Task details:
Output the listing exactly as written, apart from its pictures.

START Data block

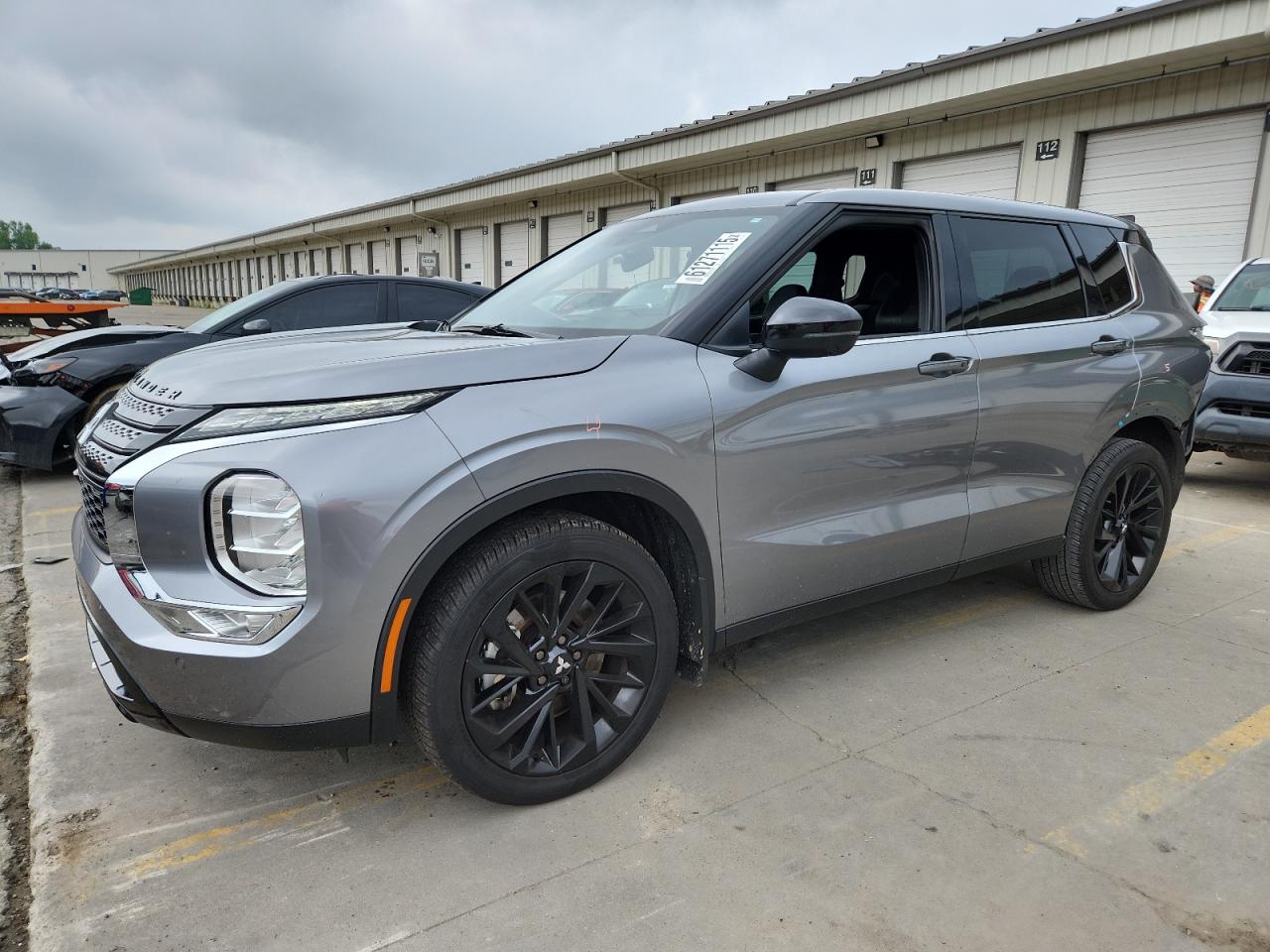 MITSUBISHI OUTLANDER SE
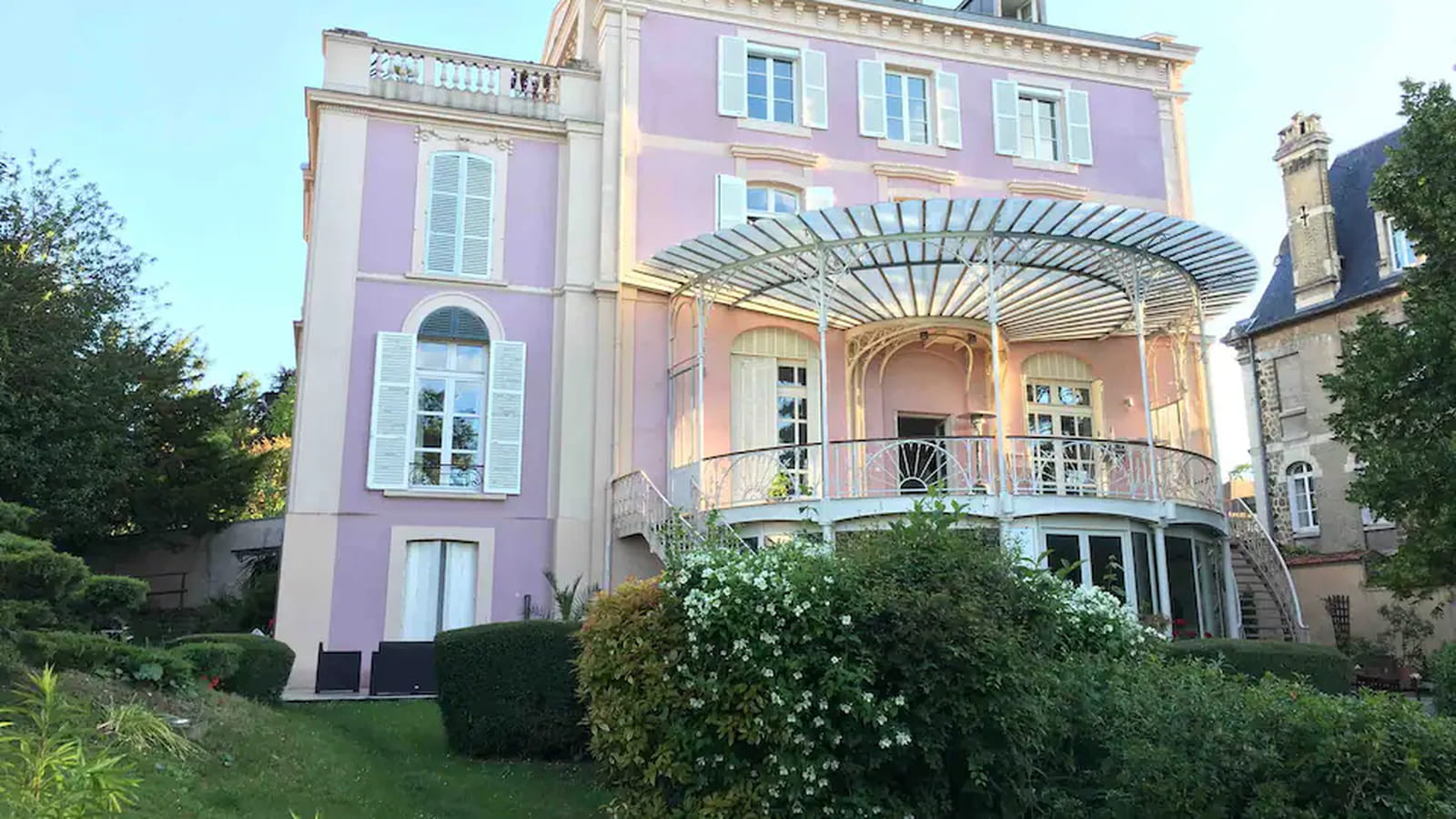 Maison rose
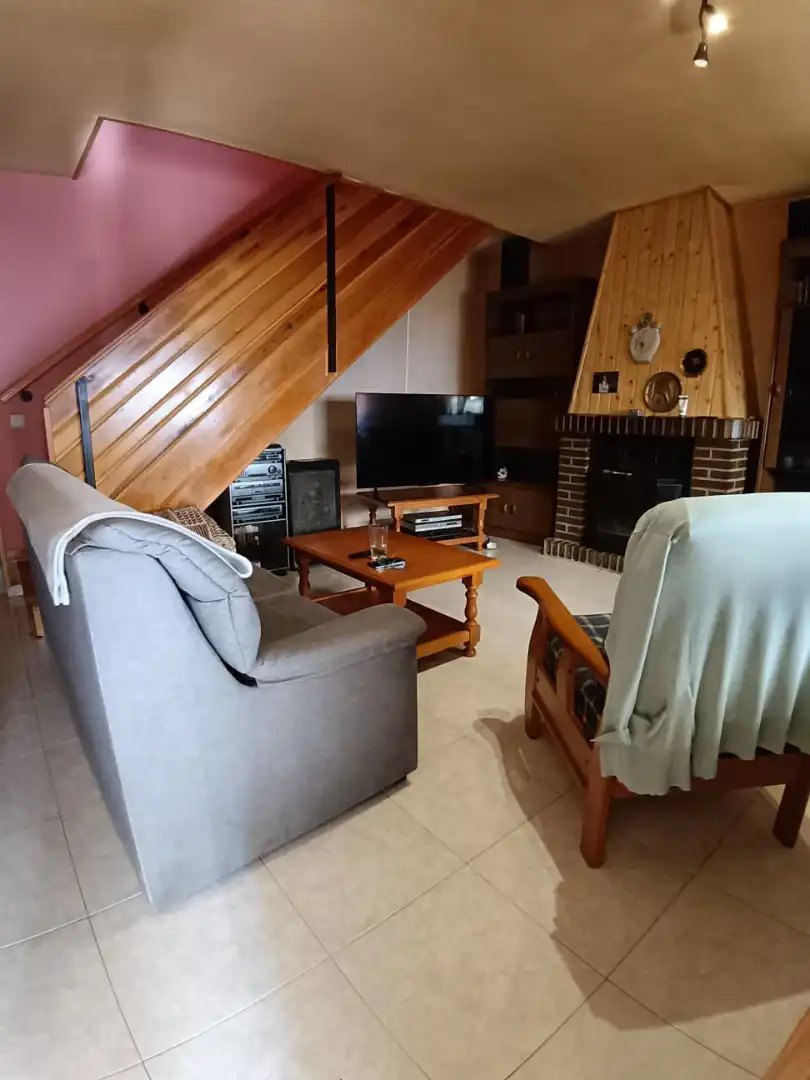 Sala d'estar de Casa o xalet en venda en Navaluenga amb Jardí privat, Terrassa i Moblat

END Data block

Your response:
 MITSUBISHI OUTLANDER SE
 Maison rose
 Sala d'estar de Casa o xalet en venda en Navaluenga amb Jardí privat, Terrassa i Moblat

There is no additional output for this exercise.